En tournée, la vie n’est pas un long fleuve tranquille. Père et fils ne sont jamais d’accord. Ou que très rarement… Les disputes succèdent aux disputes au grand dam de la mère. Au point qu’après l’une elles, sans doute plus violente que les autres, le jeune Francesco quitte sa famille. Il parcourt alors l’Italie en exerçant mille petits métiers. Et devient un véritable « touche-à-tout » étant tout à la fois bon musicien, excellent bonisseur, vendeur d’onguents, d’amulettes et autres portes bonheur. Il fut même cireur de bottes et garçon de café, ainsi que le relate Jacques Garnier dans l’ouvrage « Bénévol, la Maître du Mystère ». Et cela, jusqu’au jour où sa route croise celle du théâtre ambulant de ses parents. De retrouvailles en embrassades, de part et autre on se promet d’oublier le passé.
Francesco réintègre la troupe du « Teatro Bernardo Benevole » qui se produit indifféremment en Italie et en France. Il y présente déjà quelques numéros de prestigitation et d’art clownesque.

 

En 1894, la troupe se trouve à Lyon à l’occasion de l’Exposition Universelle que doit inaugurer le président Sadi Carnot. Las, ce dernier est assassiné par l’anarchiste italien Caserio.
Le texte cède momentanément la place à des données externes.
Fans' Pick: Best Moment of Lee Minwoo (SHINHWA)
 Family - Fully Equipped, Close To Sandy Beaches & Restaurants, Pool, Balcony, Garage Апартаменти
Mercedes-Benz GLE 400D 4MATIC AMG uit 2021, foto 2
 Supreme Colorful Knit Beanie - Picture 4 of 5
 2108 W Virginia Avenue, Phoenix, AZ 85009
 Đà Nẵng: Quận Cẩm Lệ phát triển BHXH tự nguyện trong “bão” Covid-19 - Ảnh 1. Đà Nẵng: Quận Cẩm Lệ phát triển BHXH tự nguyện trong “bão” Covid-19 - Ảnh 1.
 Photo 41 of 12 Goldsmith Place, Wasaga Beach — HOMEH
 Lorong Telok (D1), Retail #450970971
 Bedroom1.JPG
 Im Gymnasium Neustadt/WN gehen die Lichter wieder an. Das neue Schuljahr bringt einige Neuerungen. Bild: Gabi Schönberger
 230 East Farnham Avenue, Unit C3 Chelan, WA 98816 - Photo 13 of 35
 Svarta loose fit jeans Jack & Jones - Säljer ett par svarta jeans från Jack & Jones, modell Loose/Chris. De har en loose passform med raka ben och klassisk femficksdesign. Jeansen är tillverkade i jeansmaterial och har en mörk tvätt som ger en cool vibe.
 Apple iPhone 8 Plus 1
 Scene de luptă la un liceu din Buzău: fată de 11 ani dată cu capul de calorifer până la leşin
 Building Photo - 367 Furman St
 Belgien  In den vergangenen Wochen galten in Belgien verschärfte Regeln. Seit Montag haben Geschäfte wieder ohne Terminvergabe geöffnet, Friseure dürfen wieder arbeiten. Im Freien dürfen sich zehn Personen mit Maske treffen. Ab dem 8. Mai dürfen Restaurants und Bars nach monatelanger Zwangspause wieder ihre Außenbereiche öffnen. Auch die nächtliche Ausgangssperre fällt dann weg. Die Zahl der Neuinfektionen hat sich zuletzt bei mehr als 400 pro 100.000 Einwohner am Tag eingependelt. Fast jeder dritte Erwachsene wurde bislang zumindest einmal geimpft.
Face à l’hostilité envers les Italiens qui en suivit, aux manifestations hostiles organisées çà et là, Bernardo Benevole repart en Italie vendre son théâtre avant de revenir en France où son fils a francisé son nom en… Bénévol.

 

Comme il lui est difficile, voire impossible, de se débarrasser de son accent, il se prétend mexicain, s’habille tel et explique avec le plus grand naturel que son accent vient de cette contrée lointaine. D’ailleurs, dans « Forains d’hier et d’aujourd’hui », Jacques Garnier précise qu’il adopta « un costume de mexicain d’opérette qu’il a toujours conservé, la poitrine constellée de décorations imaginaires. Sa chevelure était enfermée dans un madras dont les pointes retombaient sur le côté jusqu’à l’épaule ».

 

 

 

… au Théâtre Mondain de Dulaar

 

Touche-à-tout de talent, le jeune Bénévol parcourt les foires avec des onguents et des remèdes destinés à apaiser les douleurs.

 

A Paris, on le croise « bonimentant » à l’angle du faubourg du Temple où il vend des pierres miraculeuses censées calmer les rages de dents et soulager les douleurs et les migraines. En fait, il s’agit de vulgaires pierres ponces colorées en vert et en rouge selon les vertus qu’il leur attribuait !

 

Après quelques effets de manches, différents tours de passe-passe et d’escamotage pour rassembler les badauds, Bénévol invite un « baron » à monter près de lui pour une guérison immédiate en lui offrant la pierre en cas de réussite. Pour faire rire le public, il emploie une sorte de sabir mexico-italien, et passe alors pour un magnétiseur de talent.

 

On le retrouve quelques années plus tard sur les fêtes et foires de Picardie où il se produit dans la baraque de la famille Bouchet, dont la fille Hermance partageait sa vie. Puis, en 1898, ce sera au tour du « Théâtre Mondain » de Jérome Dulaar de l’accueillir comme prestidigitateur, puis comme clown musical et dans un numéro de transmission de pensée avec Hermance (qui aide aussi à la caisse).

 

C’est chez Dulaar qu’il mit au point « la Décapitation d’un sujet vivant », qui fera son succès et sa réputation. Les affiches de l’époque l’annonçaient dans la « reproduction exacte de la mort par la hache telle qu’on la pratiquait en France au XVI ème siècle ». Pas moins !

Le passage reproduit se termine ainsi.